Samuel Wilson, Jr., may be regarded as the leading authority on the architectural history of Louisiana. Not only was Wilson an architect, but he also was a member of the Tulane faculty, where he lectured on the history of some of Louisiana’s oldest buildings. A member of the American Institute of Architects, and a founding member and past president of the Louisiana Landmarks Society, he served on the Board of Curators of the Louisiana State Museum. If he was not too busy with the aforementioned societies, institutes, and boards, Wilson also acted as the historian of the Orleans Parish Landmarks Commission and was the former director of the Society of Architectural Historians.
Wilson’s wealth of knowledge on Louisiana architecture was not confined to these various memberships, either. He was also the editor of Impressions Respecting New Orleans by Benjamin Henry Boneval Latrobe. He also wrote numerous articles for various scholarly journals, such as Louisiana Historical Quarterly and Journal of the Society of Architectural Historians.
Wilson’s expertise in the field of architecture is evident in his collaborative effort with coauthor Leonard V. Huber in their book The Cabildo on Jackson Square. Wilson wrote the colonial history of the 235-year-old Cabildo. Built by the Spanish to serve as their primary governmental building, the Cabildo was transferred into French and then American hands in 1803.
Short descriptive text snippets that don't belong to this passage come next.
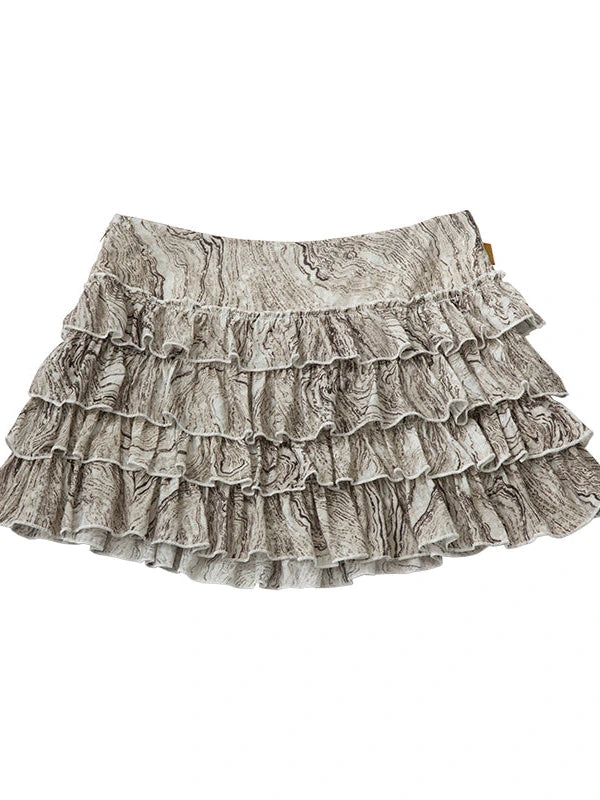 Pleated Skirt & Flared Pants Set In Blending Colors For All Seasons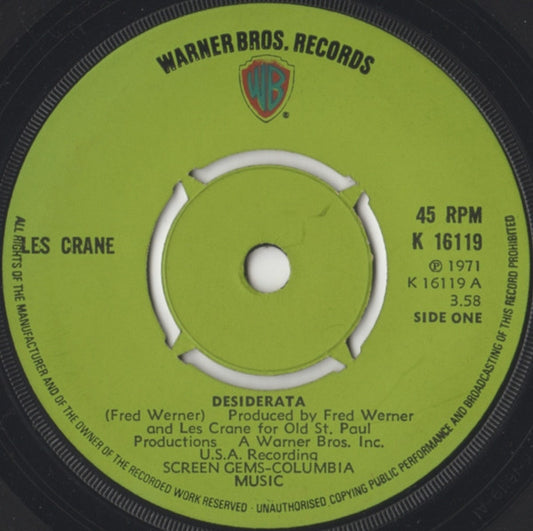 Les Crane - Desiderata (7", Kno)
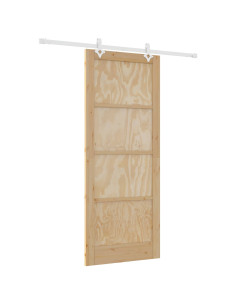Porta scorrevole Naturale e Bianco 86 x 211 cm 2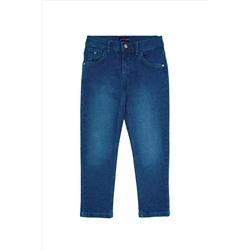 Erkek Çocuk Mavi Jean Pantolon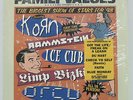 Family Values Tour '98 - 2LP 1998 Yellow Vinyl Korn Ice Cube LIMP BIZKIT PRIMUS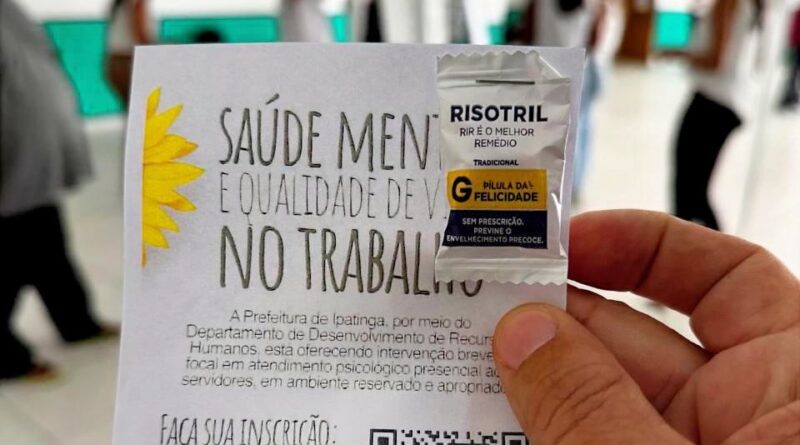 Ipatinga encerra Janeiro Branco com  ação voltada à proteção da saúde mental
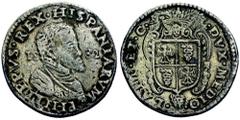 Filippo II di Spagna (1556-1598) - Ducatone 1582 Zecca: Milano - Fronte: busto corazzato con gorgiera di Filippo II a destra - Retro: stemma di Milano coronato - gr. 23,57 - Non comune - In lotto anch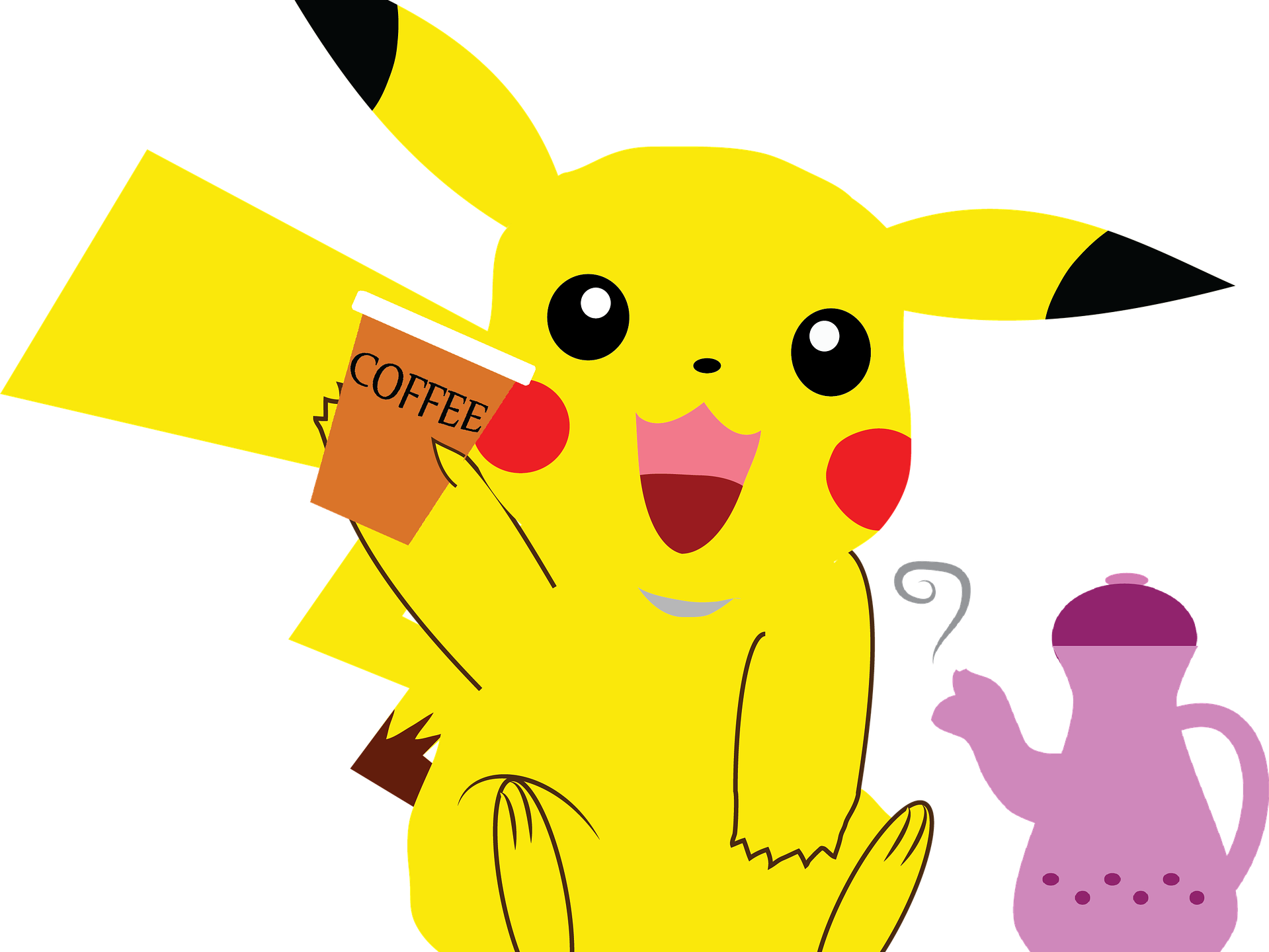 pikachu coloring pages, this article explains you how to draw and colore Pikachu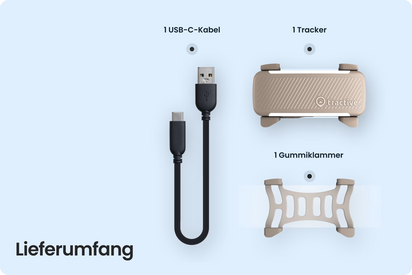 Tractive DOG 6 Tracker für Hunde, Braun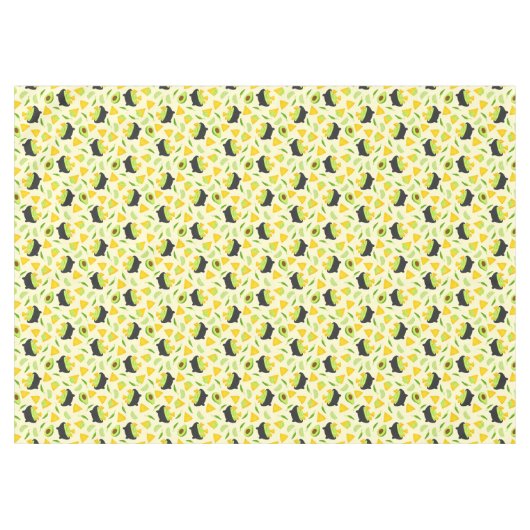Tortilla Chips und Guacamole Muster Tischdecke (Vorderseite (Horizontal))
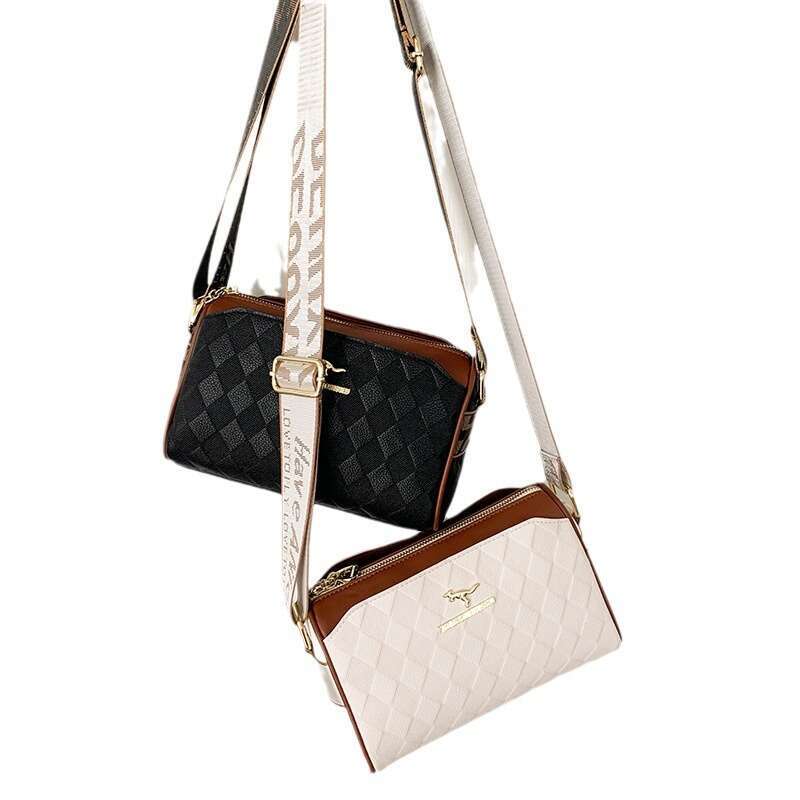Large Capacity Pillow Brand New Multi-Layer Fashion Quilted Women's Boston Shoulder Crossbody Bag B5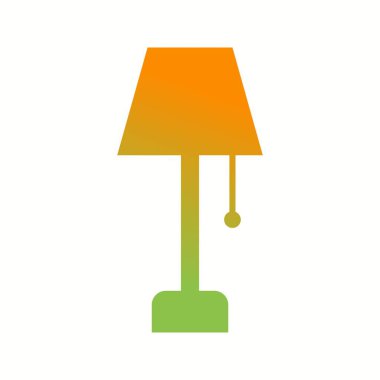 Benzersiz Lamba Kabartma Vektör Simgesi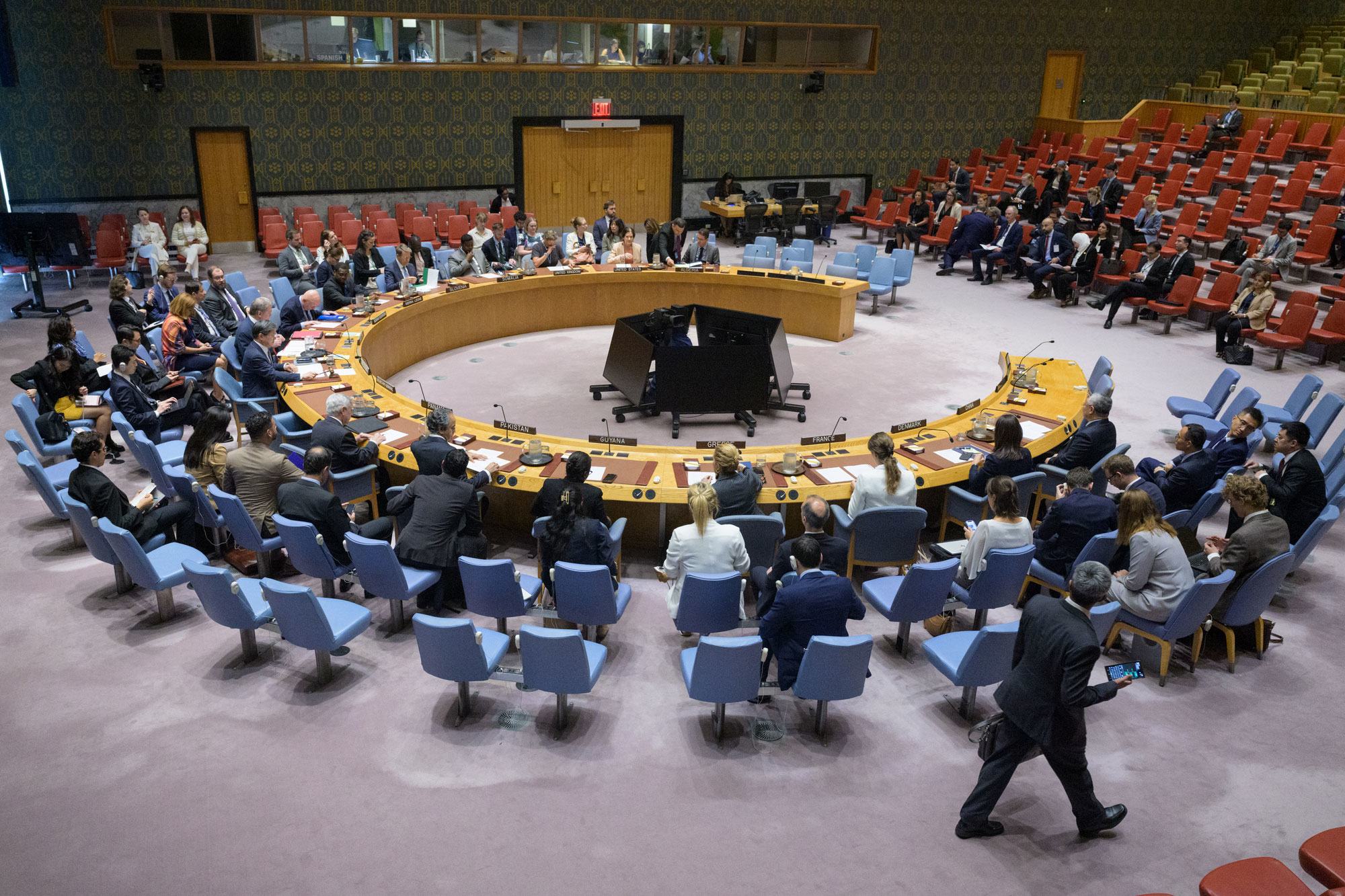 The UN Security Council meets to discuss the situation in Syria.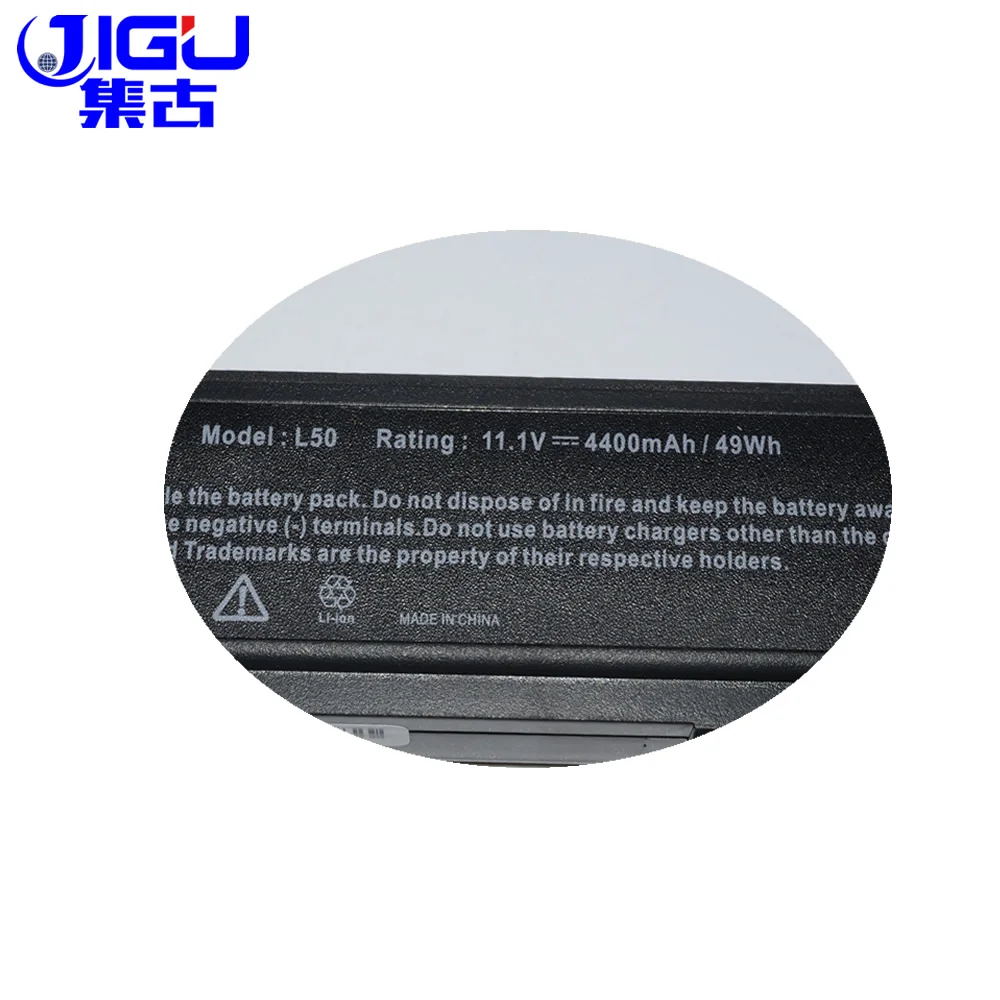 JIGU Новый аккумулятор для ноутбука TCL K42 K43 UNL50 HASEE F3000D3 F205S F530R L213R F213T L205S L225R F440S F520S F530S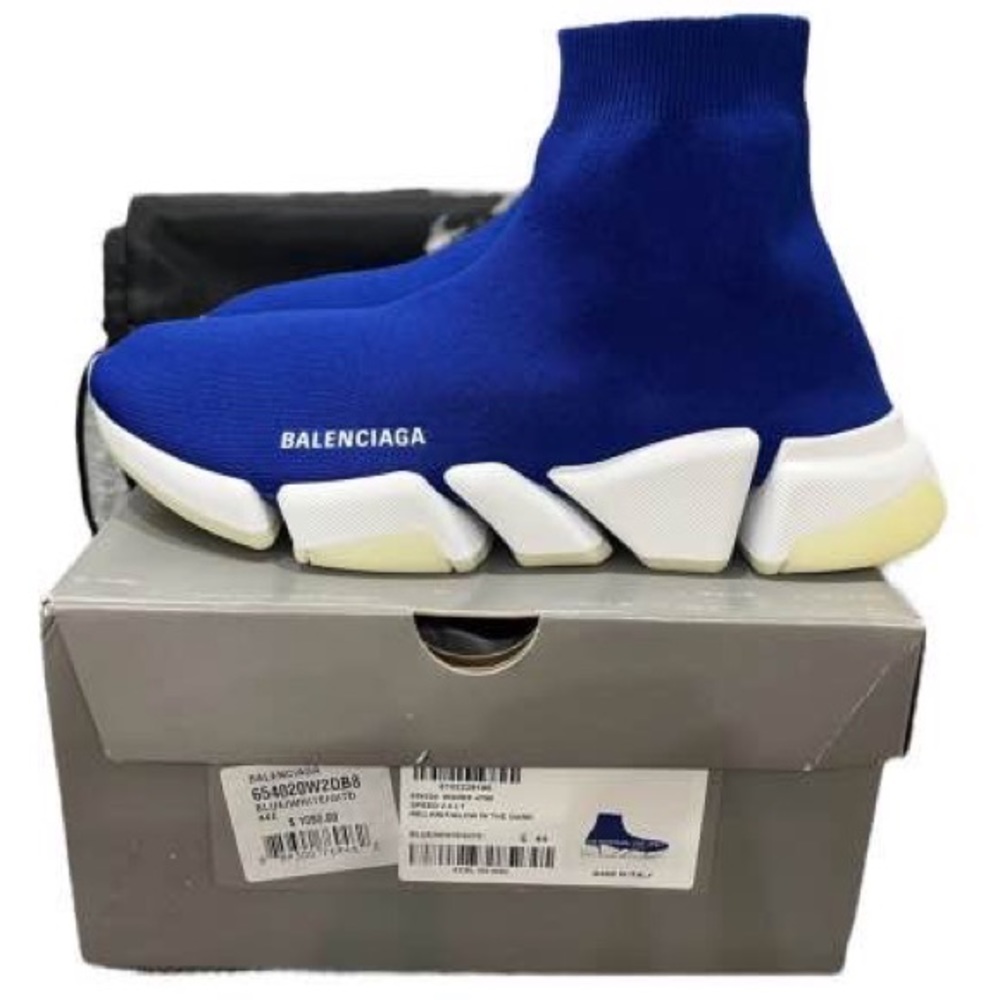 Balenciaga 2.0 Blue Yellow LT IT39 W39 Women Speed Trainers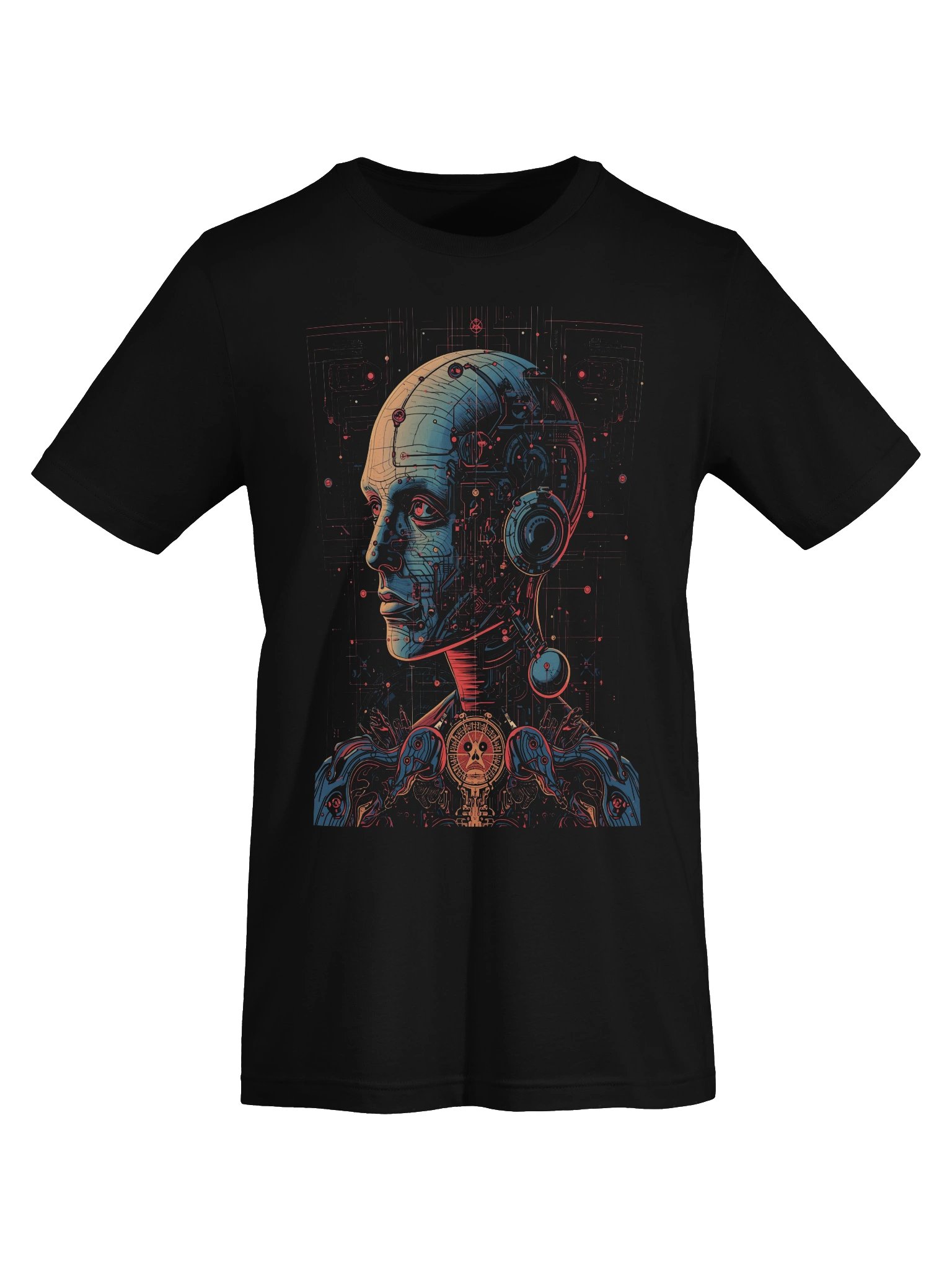 Neon Cyborg Profile Lightweight T-Shirt product image (4)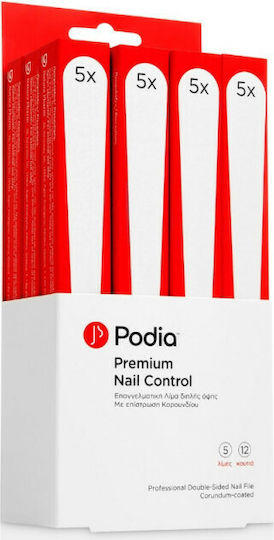 Podia Premium Control Nagelfeilen Gerade Papier Slim 5 Stück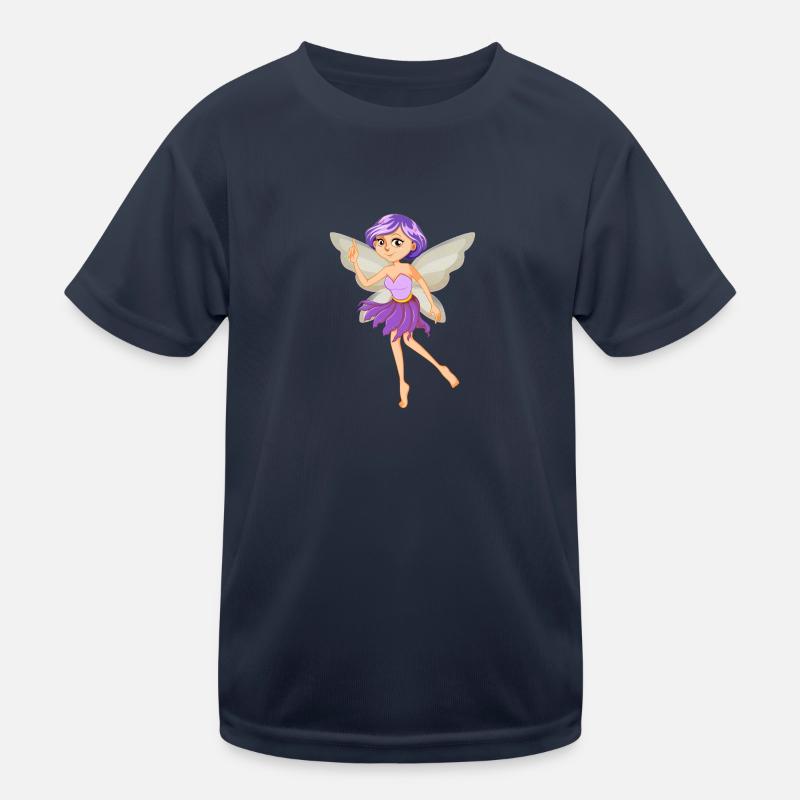 Fée violette T-shirt sport Enfant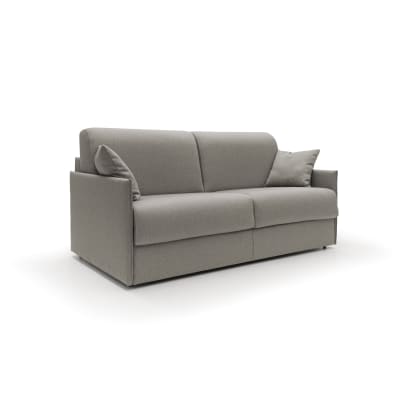 Canapé lit convertible en tissu imperméable 169 cm taupe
Wilson’s passion for architecture ran as deep as the Mississippi River and was as rich as the colorful history of New Orleans. Settled deep in the marshy South, the exquisite architecture of New Orleans continues to awe residents and visitors alike. Thanks to Wilson, the history of some of New Orleans’ oldest buildings has been written down, thus preserving their precious legacies for years to come.